If you’ve ever experienced your parents planning a funeral for a loved one, you know the stress it can cause. They had to rush to make decisions, pay for the services and accommodate friends and family. There was no time to process what was happening, let alone grieve. These are things you don’t forget.
Now, as your parents get older, you begin to realize that those responsibilities will fall to you. The good news is that many are now preplanning their funerals to remove the burden from their grieving family members.
While funeral preplanning is an important process, so is discussing it. The Funeral and Memorial Information Council (FAMIC) also believes so strongly in having this discussion that they’ve created resources entitled, Have the Talk of a Lifetime.
FAMIC President Kathleen Berry stated, “This campaign helps individuals truly know their families, friends and members of the community. You hear the real story of who they are, what is important to them, and what you can do to create a meaningful funeral that represents that person. When families have the ‘Talk’, it is easier to know how to plan the final celebration of their loved one.”
In a past post, we offered tips for parents to approach the conversation with their children. While those suggestions apply here too, it’s a different dynamic when bringing up a funeral discussion to your parents. Read on to learn how to handle this situation.
1. Have an Open Conversation
The Have the Talk of a Lifetime Campaign suggests sharing stories with your family to get to know each other more. It doesn’t have to be formal; the more relaxed the environment and tone, the better. Reflect on fond memories and good times. Spend time laughing and talking about life. Not only will this bring you closer together, but also it will open the door to different aspects of preplanning a funeral.

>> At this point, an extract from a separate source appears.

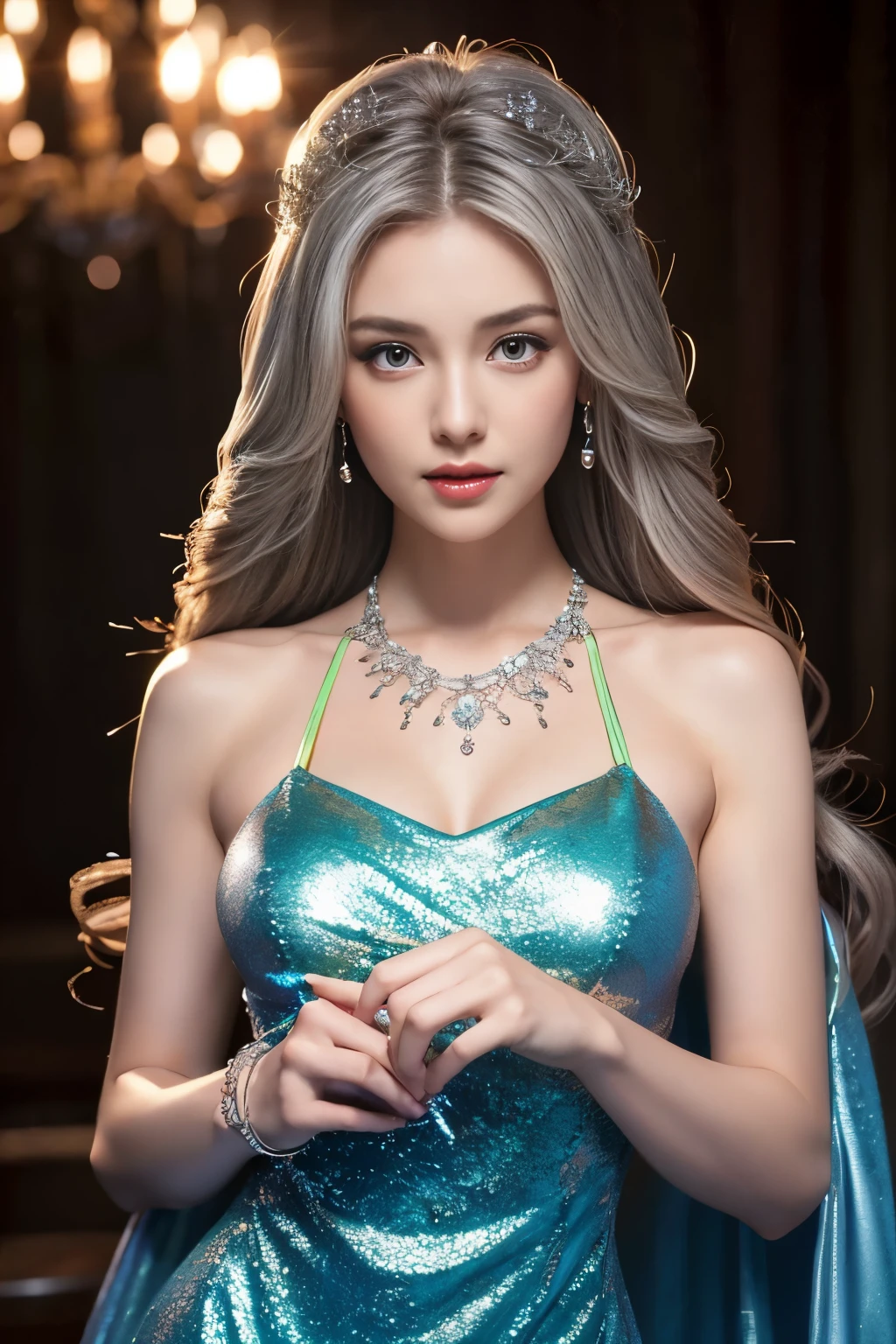 best work,Super high quality work,4K:2.0,ultra high definition,8K HD CG production,High quality graphics,3D high-definition CG photos,Ultra high pixels,Super exquisite:1.1,technical details:1.1,indoor light Light effect result:1.1,Natural dimming,Light effect,Ultra high resolution large files,fashion clothing photos,Exquisite and sexy woman,A mature and sexy woman,Royal sister temperament,Characteristics of European and American women,Mixed-race beauty,Temperamental type goddess,silver hair,She has long white and silver hair,clear hair,Careful hair texture(Premium hair details:1.1)Beautiful and delicate eyebrows and eyelashes,big eyes,light red eyes,sexy red lips,perfect lip shape,clear skin texture,hydrated skin(Advanced facial details:1.1)The face of a perfect goddess,perfect body shape,Top supermodel,devilish figure,Buttocks raised,Men’s waists are all thin,long legs,(Advanced skin details:1.1),Smooth,Wear evening gown,alice bluedress, ((glow dress:1.5))sequin evening dress,dress dress,silk scarf,lace dress(Premium lace details:1.1)alice blue,High heel,livestock,Wear jewelry,ear nipple ring,necklace,bracelet,Having dinner,full-body shot,Costume Art Photos,high quality work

During this discussion, you’ll learn about things that matter most to your parents. Incorporate these into a funeral service. Find out what truly represents who they are and how they want people to remember them. They may have a favorite flower, photo or song that reminds them of cherished times in their lives.

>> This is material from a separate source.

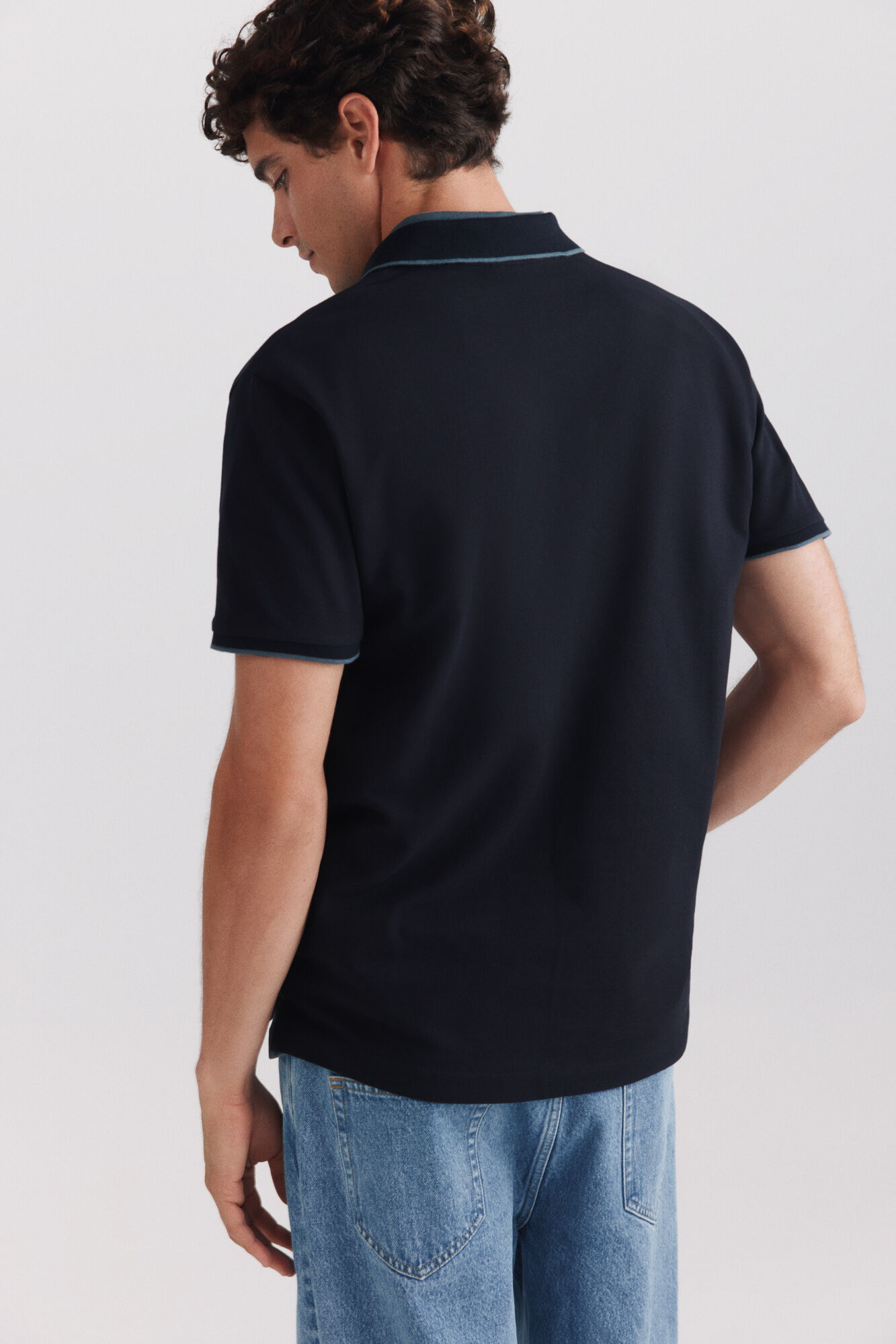 Springfield Polo de piqu&eacute; con contrastes slim fit marino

2. Explain The Benefits of Preplanning
This is a time to explain to your parents what preplanning means. Help them understand everything it entails and how it will lessen the stress at an already difficult time.

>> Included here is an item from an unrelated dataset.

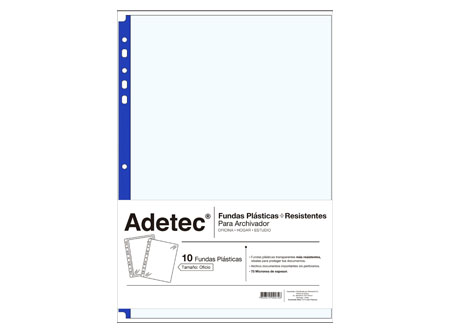  FUNDA PLASTICA OFICIO X 10 UD 75 MC AZ ADETEC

Preplanning allows them to plan everything from the casket to the type of service they want. Use the memories you’ve talked about to add personal touches. Preplanning documents it all so there are no hard decisions left to make.
Preplanning doesn’t only help you as their child, but their surviving spouse too. This is their way of making sure you are all able to grieve and reflect with family and friends. You can spend time with loved ones remembering good times and comforting one another.
3. Pay Attention for Signs of Stress
As you delve deeper into the details of preplanning, you may notice your parents getting quiet and stressed. If this is the case, don’t feel like you need to push them any further. You’ve given them a lot of information. Give them time to soak it in and reflect. They may also want to discuss between themselves.
But, find ways to bring it up again in the future. Offer to help them get started or do some research. Understand where they may need you to support them.